_YOUR GOAL_
Ignoring every picture, return the lines of the listing below word for word, from the line that holds "Chanel-Cap(Hat) Code: SH8982 $: 29USD" through the line that holds "Signal B&B 信號咖ㄟ厝".

_TASK DATA_
== Segment start ==
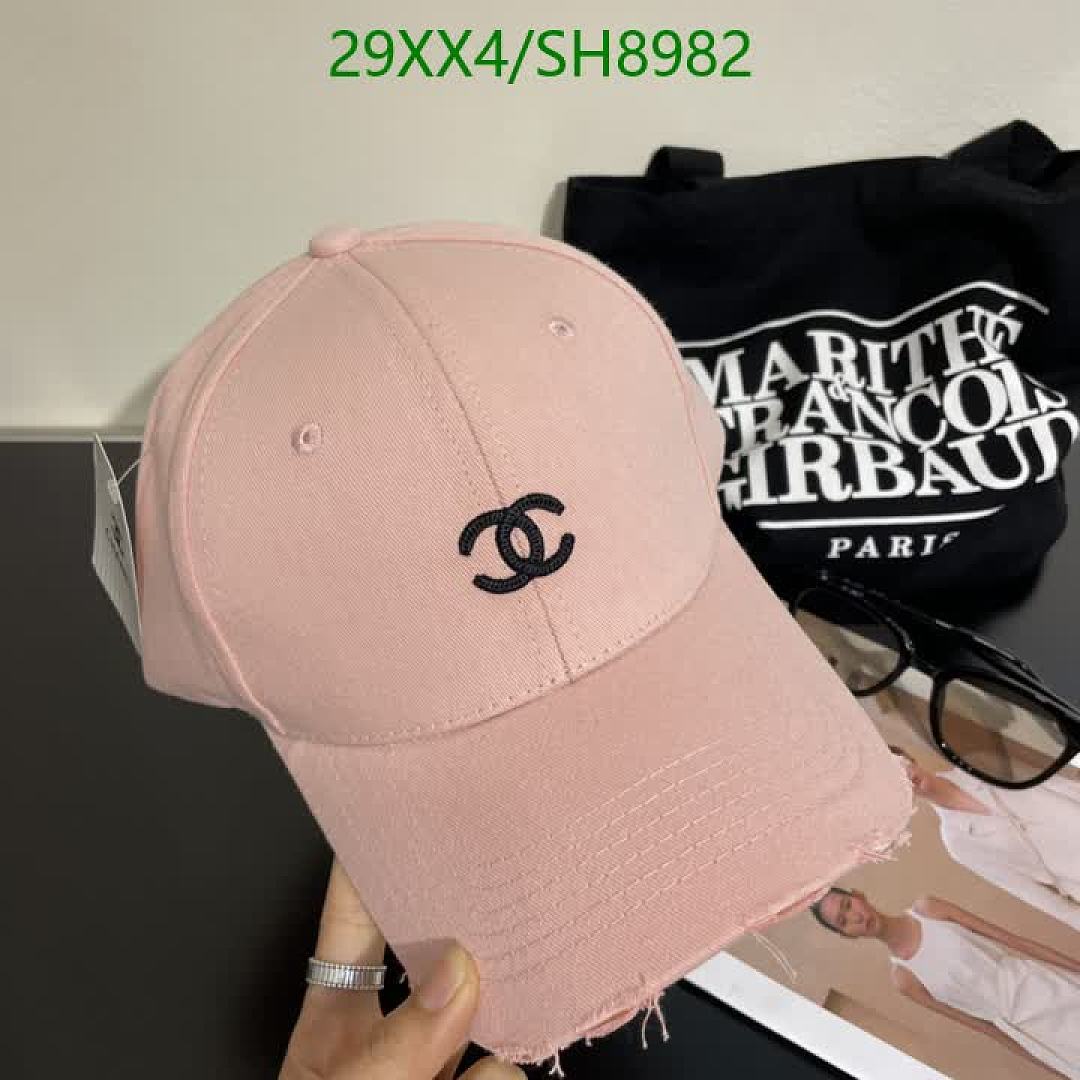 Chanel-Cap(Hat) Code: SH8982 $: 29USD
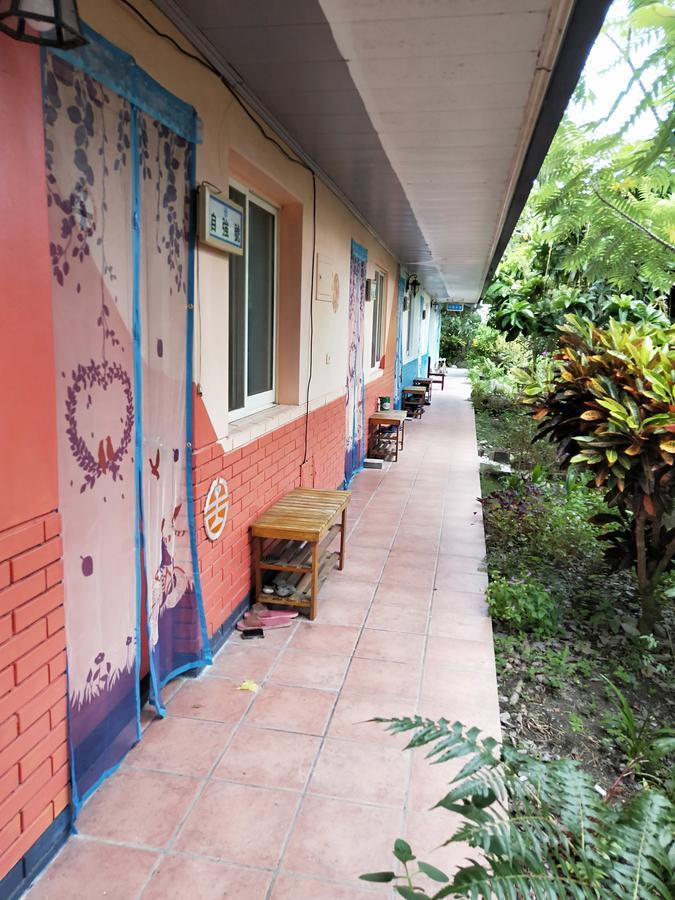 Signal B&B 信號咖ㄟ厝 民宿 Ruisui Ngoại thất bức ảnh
== Segment end ==
== Segment start ==
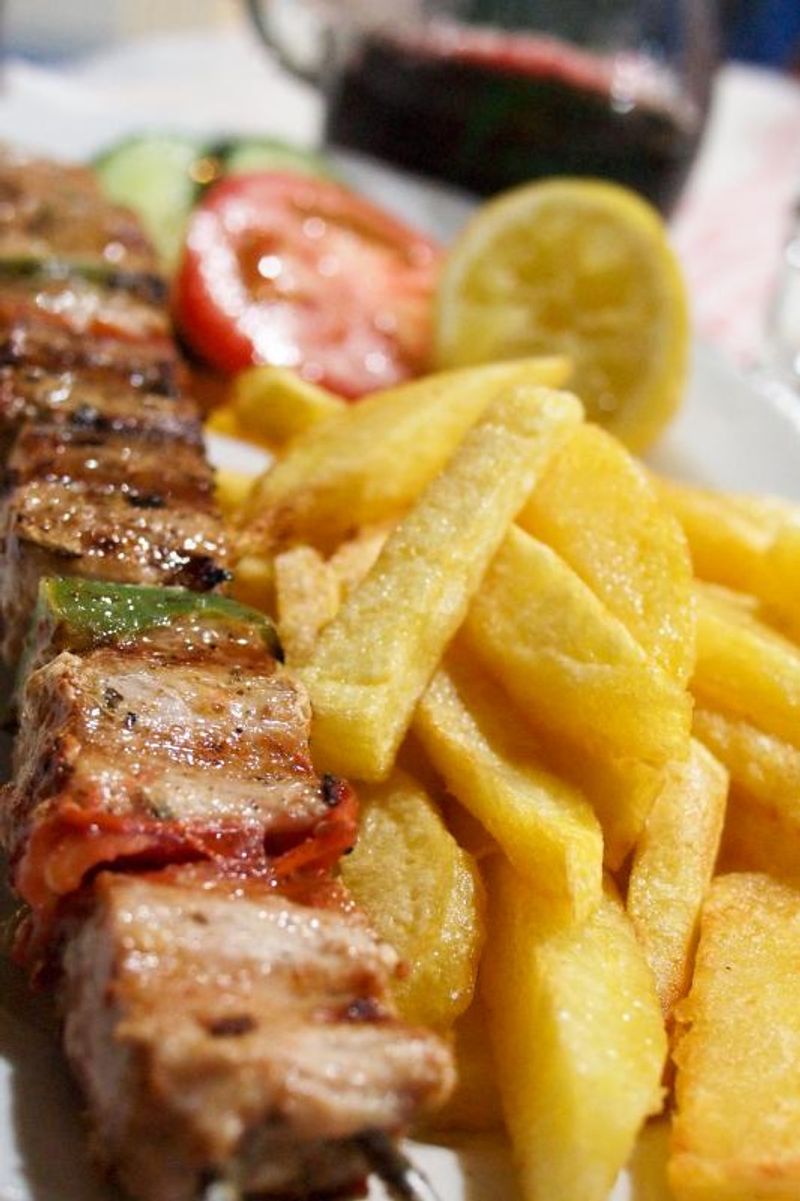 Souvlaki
== Segment end ==
== Segment start ==
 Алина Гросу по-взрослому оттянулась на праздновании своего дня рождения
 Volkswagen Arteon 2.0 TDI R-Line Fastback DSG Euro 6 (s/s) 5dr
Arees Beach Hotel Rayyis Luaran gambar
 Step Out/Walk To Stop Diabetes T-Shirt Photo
== Segment end ==
_EXERCISE RESULT_
 Chanel-Cap(Hat) Code: SH8982 $: 29USD
 Signal B&B 信號咖ㄟ厝 民宿 Ruisui Ngoại thất bức ảnh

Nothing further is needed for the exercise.